Exercise instructions:
Starting with the line that contains "Pengecekan kendaraan listrik" and ending with the final line of the data below, print those lines exactly and nothing else.

Data listing below:

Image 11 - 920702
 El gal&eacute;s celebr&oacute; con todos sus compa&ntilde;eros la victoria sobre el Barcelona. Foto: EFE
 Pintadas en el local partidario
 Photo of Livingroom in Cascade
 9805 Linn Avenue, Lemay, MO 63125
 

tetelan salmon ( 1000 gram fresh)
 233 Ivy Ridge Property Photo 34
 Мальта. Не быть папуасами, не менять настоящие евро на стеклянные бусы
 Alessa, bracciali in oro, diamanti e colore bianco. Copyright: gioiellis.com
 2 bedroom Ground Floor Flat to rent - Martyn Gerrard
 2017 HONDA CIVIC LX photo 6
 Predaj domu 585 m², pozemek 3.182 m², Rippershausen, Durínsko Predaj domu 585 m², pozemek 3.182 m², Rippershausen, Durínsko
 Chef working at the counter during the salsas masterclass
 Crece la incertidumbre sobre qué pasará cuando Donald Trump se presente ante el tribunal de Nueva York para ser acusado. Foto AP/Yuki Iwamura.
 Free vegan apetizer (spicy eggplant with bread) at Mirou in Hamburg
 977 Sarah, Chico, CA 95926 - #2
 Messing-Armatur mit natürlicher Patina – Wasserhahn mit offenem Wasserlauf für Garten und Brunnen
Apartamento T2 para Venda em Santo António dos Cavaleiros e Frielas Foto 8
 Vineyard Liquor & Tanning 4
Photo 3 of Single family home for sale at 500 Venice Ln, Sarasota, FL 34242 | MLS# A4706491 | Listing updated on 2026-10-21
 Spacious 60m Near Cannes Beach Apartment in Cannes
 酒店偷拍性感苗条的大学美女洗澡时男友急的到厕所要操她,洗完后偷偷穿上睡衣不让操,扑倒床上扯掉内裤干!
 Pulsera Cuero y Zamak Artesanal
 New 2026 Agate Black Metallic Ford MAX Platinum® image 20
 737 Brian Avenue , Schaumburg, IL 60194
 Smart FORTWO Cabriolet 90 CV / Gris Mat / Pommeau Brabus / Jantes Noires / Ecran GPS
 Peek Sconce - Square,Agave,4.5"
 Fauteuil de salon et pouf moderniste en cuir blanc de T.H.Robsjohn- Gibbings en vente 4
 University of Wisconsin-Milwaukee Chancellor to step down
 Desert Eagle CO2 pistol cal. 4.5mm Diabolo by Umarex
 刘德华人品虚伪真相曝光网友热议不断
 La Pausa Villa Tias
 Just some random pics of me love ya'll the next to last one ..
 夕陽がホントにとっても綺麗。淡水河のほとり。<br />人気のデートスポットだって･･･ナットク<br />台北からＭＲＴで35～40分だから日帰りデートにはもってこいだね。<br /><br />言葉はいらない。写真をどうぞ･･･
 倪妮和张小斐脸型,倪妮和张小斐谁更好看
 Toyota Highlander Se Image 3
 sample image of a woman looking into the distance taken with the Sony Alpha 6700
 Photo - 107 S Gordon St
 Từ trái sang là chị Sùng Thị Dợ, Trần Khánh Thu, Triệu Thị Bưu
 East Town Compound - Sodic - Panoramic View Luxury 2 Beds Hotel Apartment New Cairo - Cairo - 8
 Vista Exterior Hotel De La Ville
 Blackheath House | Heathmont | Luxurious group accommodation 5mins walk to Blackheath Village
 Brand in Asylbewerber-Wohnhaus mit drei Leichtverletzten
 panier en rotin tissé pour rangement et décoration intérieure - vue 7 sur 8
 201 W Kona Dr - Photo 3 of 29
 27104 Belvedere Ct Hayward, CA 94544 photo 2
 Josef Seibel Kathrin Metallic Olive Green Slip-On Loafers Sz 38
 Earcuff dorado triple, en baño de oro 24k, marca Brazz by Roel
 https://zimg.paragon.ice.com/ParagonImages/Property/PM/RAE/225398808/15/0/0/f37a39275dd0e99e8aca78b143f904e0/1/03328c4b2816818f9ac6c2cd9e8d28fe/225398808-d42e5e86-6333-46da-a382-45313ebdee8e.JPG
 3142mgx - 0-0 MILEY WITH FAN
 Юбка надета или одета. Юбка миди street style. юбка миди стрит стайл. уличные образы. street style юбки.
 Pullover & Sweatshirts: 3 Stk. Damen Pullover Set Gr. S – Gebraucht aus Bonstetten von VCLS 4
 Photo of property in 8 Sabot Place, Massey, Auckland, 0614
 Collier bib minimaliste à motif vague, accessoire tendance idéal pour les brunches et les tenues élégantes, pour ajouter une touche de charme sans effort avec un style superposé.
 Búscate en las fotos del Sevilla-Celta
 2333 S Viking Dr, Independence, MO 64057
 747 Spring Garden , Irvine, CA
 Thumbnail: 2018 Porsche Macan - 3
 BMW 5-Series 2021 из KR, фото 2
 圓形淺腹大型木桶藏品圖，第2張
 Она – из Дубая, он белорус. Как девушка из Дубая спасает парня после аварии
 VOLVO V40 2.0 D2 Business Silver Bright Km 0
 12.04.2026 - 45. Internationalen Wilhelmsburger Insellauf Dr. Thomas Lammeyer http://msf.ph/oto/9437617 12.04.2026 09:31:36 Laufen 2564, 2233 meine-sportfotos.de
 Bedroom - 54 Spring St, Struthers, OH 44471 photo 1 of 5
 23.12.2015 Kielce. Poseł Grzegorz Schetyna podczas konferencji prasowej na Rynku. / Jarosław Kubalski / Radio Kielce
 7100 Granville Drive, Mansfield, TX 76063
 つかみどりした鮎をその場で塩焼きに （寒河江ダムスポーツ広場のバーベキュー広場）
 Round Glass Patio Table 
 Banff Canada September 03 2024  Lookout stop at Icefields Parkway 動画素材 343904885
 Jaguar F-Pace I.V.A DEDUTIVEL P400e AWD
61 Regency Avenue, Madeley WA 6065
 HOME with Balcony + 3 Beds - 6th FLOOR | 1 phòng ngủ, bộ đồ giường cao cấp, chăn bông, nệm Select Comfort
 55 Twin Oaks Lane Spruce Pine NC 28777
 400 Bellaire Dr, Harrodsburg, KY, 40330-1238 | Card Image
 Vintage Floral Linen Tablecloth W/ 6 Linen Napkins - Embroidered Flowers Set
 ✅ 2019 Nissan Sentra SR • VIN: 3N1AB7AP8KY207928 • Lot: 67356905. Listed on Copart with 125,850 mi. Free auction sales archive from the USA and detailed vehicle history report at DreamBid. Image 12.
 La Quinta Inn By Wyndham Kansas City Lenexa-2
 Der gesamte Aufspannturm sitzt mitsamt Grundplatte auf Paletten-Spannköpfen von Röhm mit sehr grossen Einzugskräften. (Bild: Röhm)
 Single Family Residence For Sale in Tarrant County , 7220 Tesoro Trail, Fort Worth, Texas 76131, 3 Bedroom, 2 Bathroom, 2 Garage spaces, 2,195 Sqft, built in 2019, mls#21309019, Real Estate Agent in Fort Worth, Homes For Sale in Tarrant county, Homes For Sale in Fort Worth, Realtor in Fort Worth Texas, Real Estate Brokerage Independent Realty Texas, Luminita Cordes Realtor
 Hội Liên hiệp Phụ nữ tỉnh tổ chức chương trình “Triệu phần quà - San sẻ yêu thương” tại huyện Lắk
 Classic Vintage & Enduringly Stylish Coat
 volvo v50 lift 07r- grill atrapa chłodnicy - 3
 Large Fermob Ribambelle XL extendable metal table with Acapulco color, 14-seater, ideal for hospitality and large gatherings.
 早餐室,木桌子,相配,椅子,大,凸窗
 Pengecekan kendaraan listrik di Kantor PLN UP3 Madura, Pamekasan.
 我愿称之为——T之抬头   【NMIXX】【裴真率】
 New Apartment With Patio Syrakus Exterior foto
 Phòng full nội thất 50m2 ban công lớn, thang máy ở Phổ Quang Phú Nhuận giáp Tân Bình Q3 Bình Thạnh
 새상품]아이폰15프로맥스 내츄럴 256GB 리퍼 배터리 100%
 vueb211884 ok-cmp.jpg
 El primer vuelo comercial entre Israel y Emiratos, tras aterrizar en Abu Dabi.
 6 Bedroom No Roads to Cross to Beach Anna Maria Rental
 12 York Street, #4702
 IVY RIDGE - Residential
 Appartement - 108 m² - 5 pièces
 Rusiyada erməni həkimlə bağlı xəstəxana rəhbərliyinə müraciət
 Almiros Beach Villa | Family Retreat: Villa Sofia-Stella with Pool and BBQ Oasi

End of Data listing.

Answer section:
 Pengecekan kendaraan listrik di Kantor PLN UP3 Madura, Pamekasan.
 我愿称之为——T之抬头   【NMIXX】【裴真率】
 New Apartment With Patio Syrakus Exterior foto
 Phòng full nội thất 50m2 ban công lớn, thang máy ở Phổ Quang Phú Nhuận giáp Tân Bình Q3 Bình Thạnh
 새상품]아이폰15프로맥스 내츄럴 256GB 리퍼 배터리 100%
 vueb211884 ok-cmp.jpg
 El primer vuelo comercial entre Israel y Emiratos, tras aterrizar en Abu Dabi.
 6 Bedroom No Roads to Cross to Beach Anna Maria Rental
 12 York Street, #4702
 IVY RIDGE - Residential
 Appartement - 108 m² - 5 pièces
 Rusiyada erməni həkimlə bağlı xəstəxana rəhbərliyinə müraciət
 Almiros Beach Villa | Family Retreat: Villa Sofia-Stella with Pool and BBQ Oasi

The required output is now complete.